5. The Synoptic Gospels and John. The consensus of scholarship about source conclusions declines steeply as one moves from Mark through the Q Gospel and into John. Is John dependent on or independent if the three synoptic gospels? One expert claims, maximally, that there is now "a growing consensus" for dependence, but another concludes, minimally, that in the early decades of this century the safer position was dependence; then, between 1955 and 1980, the safer position was independence, until now neither position can be safely "taken for granted." In other words, at least this: you cannot now invoke consensus on the debate, but must at least summarize the reasons for your own position. But, clearly, in terms of the excavation metaphor, it is crucially important to discover for oneself whether John is or is not dependent on the synoptic gospels. Think, for example, of the passion story: are all versions dependent on Mark alone or do we have two independent sources in Mark and John?
6. The Gospel of Thomas. Among the Nag Hammadi texts was a complete Coptic gospel whose Greek original had been discovered but not recognized in fragments of three different copies found around the turn of the last century at modern Bahnasa (ancient Oxyrhynchus), about 120 miles south of Cairo. The Gospel of Thomas contains only aphorisms, parables, or short dialogues of Jesus and almost no narratives at all, especially no birth stories, miracle stories, or passion and resurrection stories. It has a distinctive theology denying any validity to a hope for the apocalyptic future, but demanding instead a return to the Edenic past through celibate asceticism. Once again, the textual-excavation question is whether it is dependent on or independent of the canonical gospels. There is probably a consensus for independence among Thomas experts in this country, but much less so in Europe or among the New Testament gospel scholars.
7. Common Sayings Tradition. About one-third of the material in the Q Gospel and the Gospel of Thomas is common data. There is no evidence that either gospel is dependent on the other in terms of redactional sequence or content. Further, the order of that common tradition is so completely divergent that no common written source can be plausibly postulated for it. Finally, there is no particular reason why the generally orderless Gospel of Thomas would have changed any written source's order. Yet there are, by the most conservative estimate, thirty-seven units of tradition adopted and adapted by both gospels into their own quite different theological frameworks. This is one very significant case where a mass of "oral tradition" can be seen most clearly at work.

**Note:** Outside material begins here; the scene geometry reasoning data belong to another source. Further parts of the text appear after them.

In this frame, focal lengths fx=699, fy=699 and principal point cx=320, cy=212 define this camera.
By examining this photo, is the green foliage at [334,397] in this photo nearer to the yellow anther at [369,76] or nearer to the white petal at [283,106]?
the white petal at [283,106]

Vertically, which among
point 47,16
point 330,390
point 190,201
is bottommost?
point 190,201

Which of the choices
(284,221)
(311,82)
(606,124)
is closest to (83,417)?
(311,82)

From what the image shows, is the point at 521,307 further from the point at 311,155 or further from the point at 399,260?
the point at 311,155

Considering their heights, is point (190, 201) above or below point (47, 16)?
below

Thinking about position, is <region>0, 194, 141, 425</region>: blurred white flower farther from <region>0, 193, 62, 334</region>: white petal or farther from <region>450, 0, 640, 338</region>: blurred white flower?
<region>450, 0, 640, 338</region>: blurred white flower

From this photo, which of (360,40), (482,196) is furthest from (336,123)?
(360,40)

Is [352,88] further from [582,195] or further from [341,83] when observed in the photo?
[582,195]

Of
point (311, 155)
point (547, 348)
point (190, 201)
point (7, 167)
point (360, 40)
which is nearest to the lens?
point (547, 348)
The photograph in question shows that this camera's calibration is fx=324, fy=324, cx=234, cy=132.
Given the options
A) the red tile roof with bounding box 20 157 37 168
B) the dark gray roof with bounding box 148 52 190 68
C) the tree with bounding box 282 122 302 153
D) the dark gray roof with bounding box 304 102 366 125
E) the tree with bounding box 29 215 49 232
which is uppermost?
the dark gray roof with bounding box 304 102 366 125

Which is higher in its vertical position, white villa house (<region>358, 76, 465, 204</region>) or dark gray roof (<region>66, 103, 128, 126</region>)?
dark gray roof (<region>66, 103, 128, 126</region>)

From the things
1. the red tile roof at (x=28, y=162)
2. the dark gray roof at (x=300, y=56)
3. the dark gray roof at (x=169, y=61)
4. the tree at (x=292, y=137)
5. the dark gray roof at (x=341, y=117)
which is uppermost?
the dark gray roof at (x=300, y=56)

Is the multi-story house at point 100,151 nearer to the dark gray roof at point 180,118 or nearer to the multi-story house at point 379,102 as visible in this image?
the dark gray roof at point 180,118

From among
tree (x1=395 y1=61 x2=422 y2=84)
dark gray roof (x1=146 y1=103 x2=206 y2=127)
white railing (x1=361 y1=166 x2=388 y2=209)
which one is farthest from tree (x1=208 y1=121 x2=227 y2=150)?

9. The Gospel of Peter. The Gospel of Peter is a second-century gospel known, like the Gospel of Thomas, from two separate discoveries. A large Greek fragment of about sixty versus, copied into a pocketbook codex between 600 and 900, was found in 1886-87 at Akmim, about 310 miles south of Cairo. Two tiny Greek fragments of under three versus, from a scroll dated to about 200, were found among those turn-of-the-century Oxyrhynchus papyri mentioned above. The present content narrates the trial, death, burial, resurrection, and apparition (presumably) of Jesus, starts and ends in mid-sentence, and is dependent on the canonical gospels. But the major question is whether it also contains another account that is both narratively consecutive and canonically independent. If so, what is the content of that separate story?
10. Codices and Abbreviations. Two very striking discoveries appear when the earliest Christian documents are studied all together. One is that, at a time when pagan and Jewish literature was almost exclusively written in scroll (or roll) format, the earliest Christian literature was almost exclusively in codex (or book) format. Compare, for example, the Dead Sea Scrolls with the Nag Hammadi Codices. That latter "inferior" format bespeaks the work of ordinary scribes, not calligraphic experts used to copying great literature, but workaday writers used to creating legal documents and composing personal letters. Another anomaly is that certain divine or sacred words, initially four ("Lord," "God," "Jesus," "Christ") and eventually fifteen, were regularly abbreviated and marked with a line across the top of the shortened forms. Those twin and consistent novelties indicate some central control over the earliest Christian texts, but was that everywhere or only in Egypt, where all our examples were found?[The first two items are clear enough. They represent a very large Jewish library and a comparatively much smaller Christian one, and they are both undeniably preserved in contemporary museums. It is also a sobering thought that, despite all the carefully planned, financed, managed, and executed digs for architectural or textual antiquities, it was not visiting scholars but Bedouin shepherds and Egyptian peasants who discovered those two hidden libraries. For many of the other items on the list, however, the very term "discovery" presents a challenge. Not only the interpretation, but also the very existence of some of the phenomena may be debated. Not everyone will accept or believe the discoveries to be true. Still, we stress these ten items because, whether one responds positively or negatively to certain ones, they will significantly determine how one excavates the textual remains for the historical Jesus. The final item on this list, just like that on the preceding one, is significant because of accumulation and combination. One example or one category alone is not as important as the mass of data taken all together.]